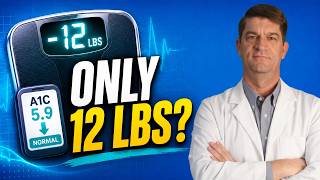 You Only Need to Lose 12 Pounds to Reverse Prediabetes — A Doctor Explains Why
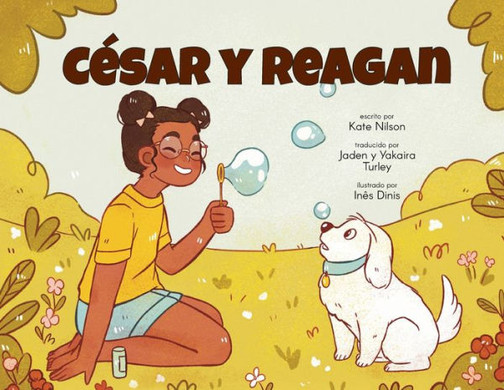 César Y Reagan (Spanish Edition)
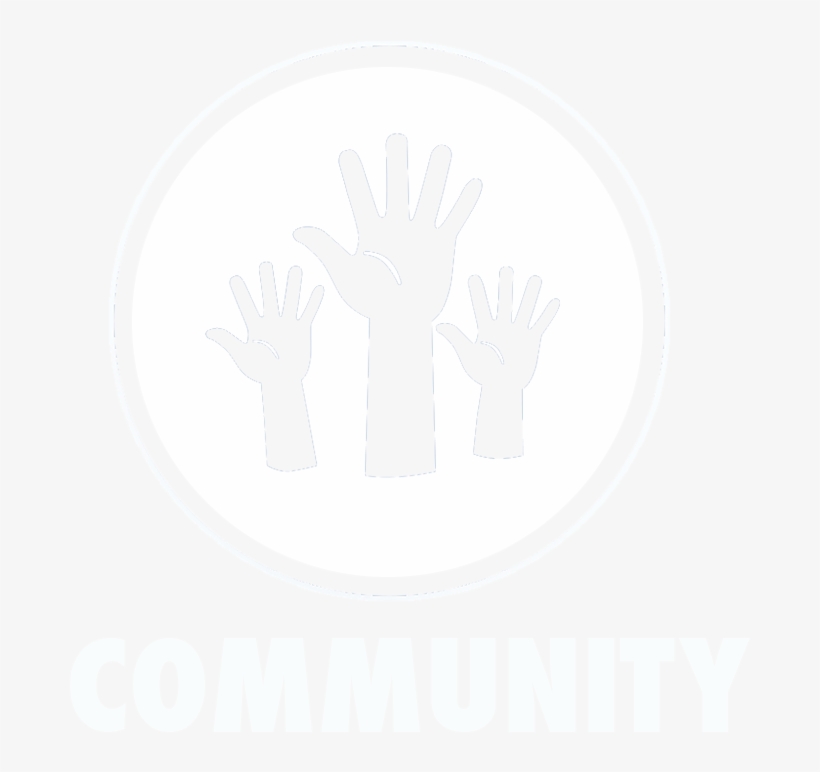 Become A Partner - Kids Hands Icon, transparent png #4539878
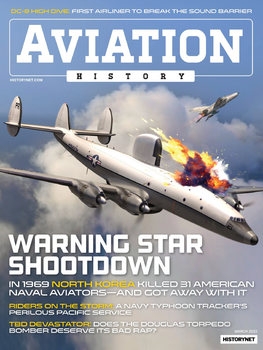 Aviation History 2022-03 (Vol.32 No.04)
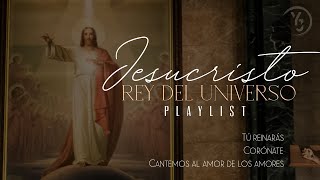 CRISTO REY | JESUCRISTO REY DEL UNIVERSO - Canciones para #CristoRey (YULI Y JOSH) - #MúsicaCatólica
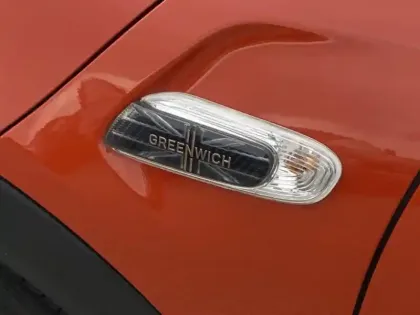 Photo 13 Mini Mini Gén. III (F56) Ph2 Edition Greenwich  3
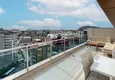 Affordable Purchase Excellent duplex penthouse with sea view in a luxury complex — Cikcilli district, Alanya 37 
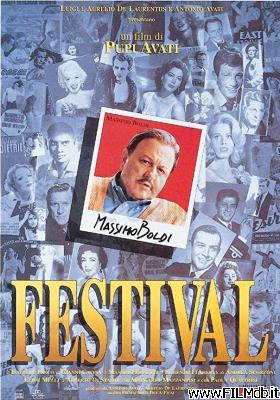 Poster of movie festival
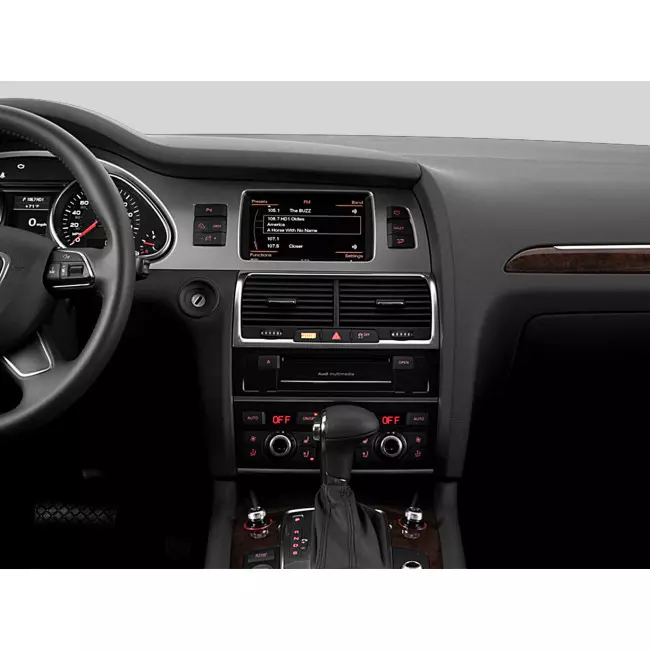 Мультимедійна автомобільна система Gazer T6009-4L до Audi Q7 (4L) 2005-2015 144704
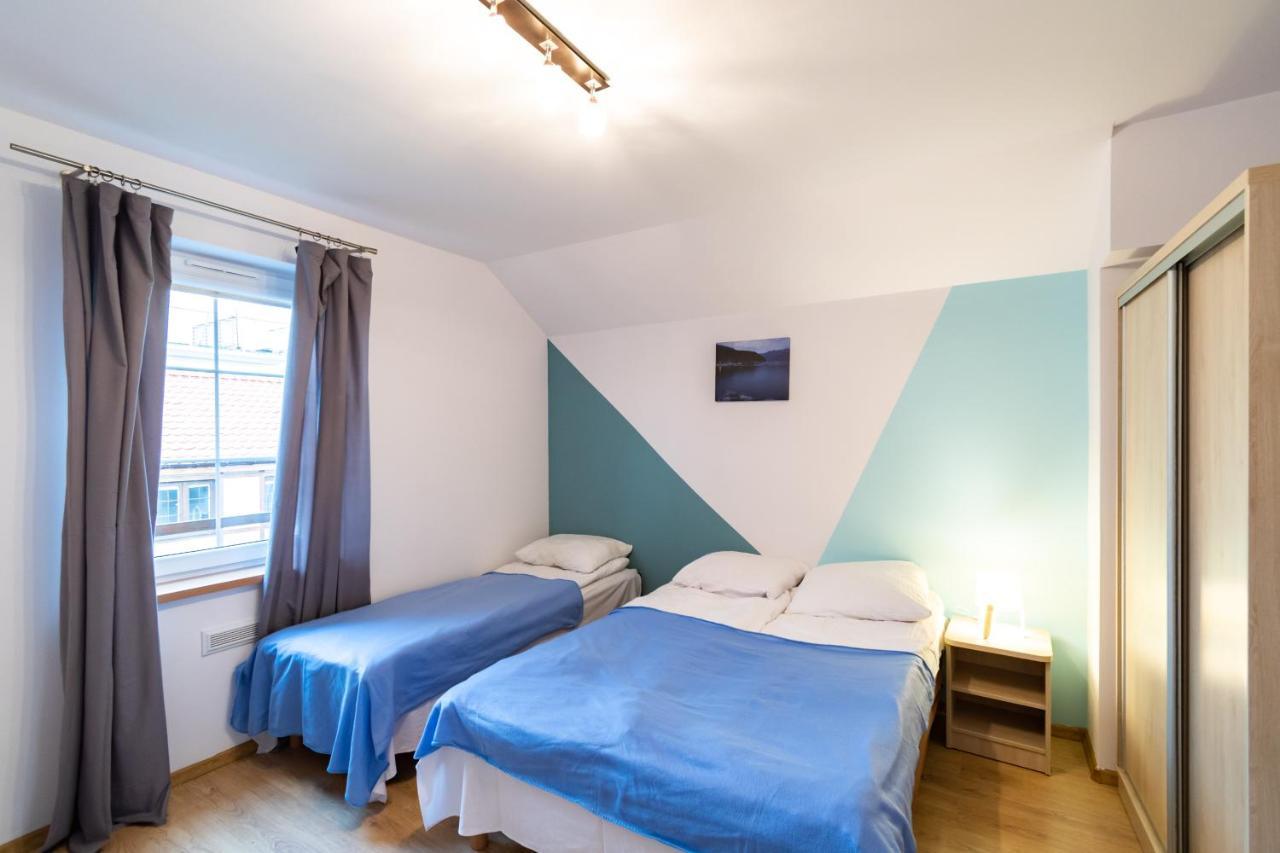Apartamenty Vasco Da Gama- Blisko Plazy Rowy  Buitenkant foto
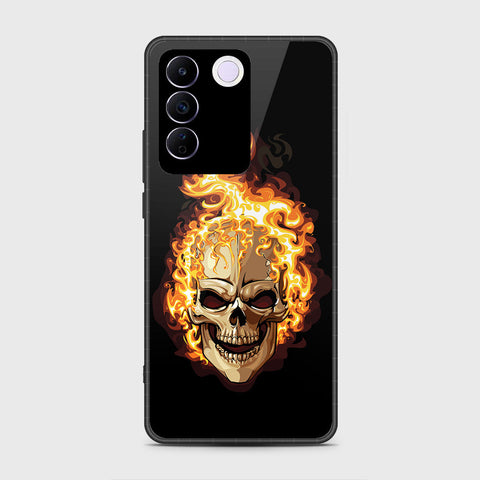 Vivo V27e Cover- Stellar Series - HQ Premium Shine Durable Shatterproof Case
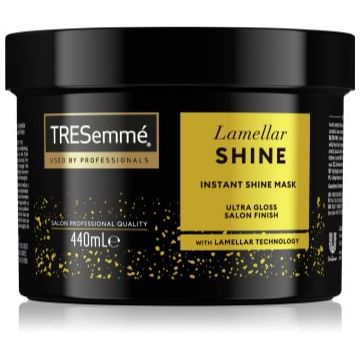 TRESemmé Lamellar Shine Masca de par pentru un par stralucitor si catifelat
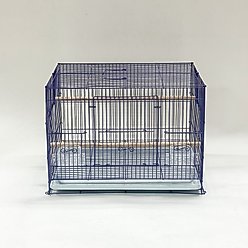 YML 2424B Breeding Finch Cage, Purple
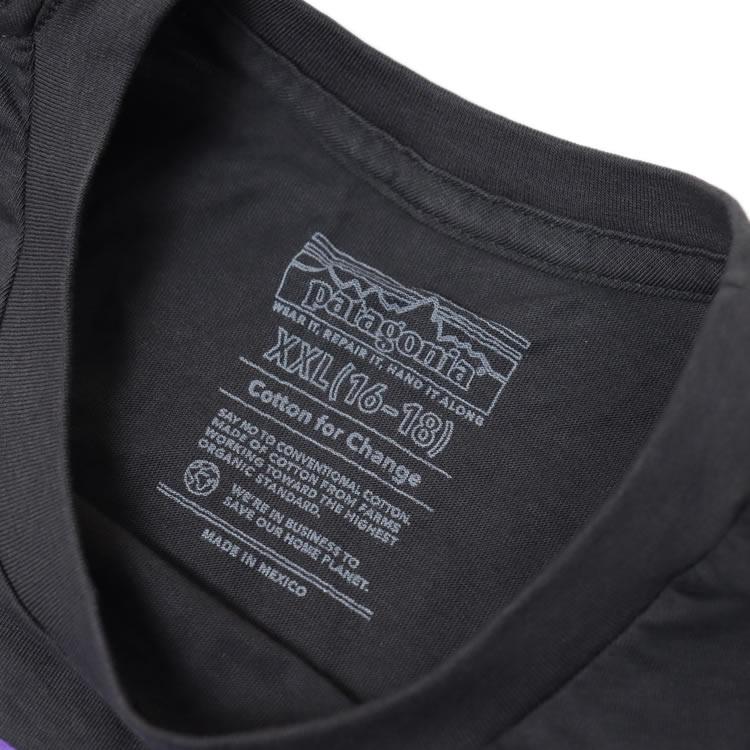 patagonia パタゴニア P-6 ロゴ Tシャツ レディース 半袖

※ ※ ※

* Work request
Each record should be printed again precisely, though not its pictures.

* Written response
 You Only Need to Lose 12 Pounds to Reverse Prediabetes — A Doctor Explains Why
 César Y Reagan (Spanish Edition)
 Become A Partner - Kids Hands Icon, transparent png #4539878
 Aviation History 2022-03 (Vol.32 No.04)
 CRISTO REY | JESUCRISTO REY DEL UNIVERSO - Canciones para #CristoRey (YULI Y JOSH) - #MúsicaCatólica
 Photo 13 Mini Mini Gén. III (F56) Ph2 Edition Greenwich  3
 Affordable Purchase Excellent duplex penthouse with sea view in a luxury complex — Cikcilli district, Alanya 37 
 Poster of movie festival
 Мультимедійна автомобільна система Gazer T6009-4L до Audi Q7 (4L) 2005-2015 144704
Apartamenty Vasco Da Gama- Blisko Plazy Rowy  Buitenkant foto
 Vivo V27e Cover- Stellar Series - HQ Premium Shine Durable Shatterproof Case
 TRESemmé Lamellar Shine Masca de par pentru un par stralucitor si catifelat
 YML 2424B Breeding Finch Cage, Purple
 patagonia パタゴニア P-6 ロゴ Tシャツ レディース 半袖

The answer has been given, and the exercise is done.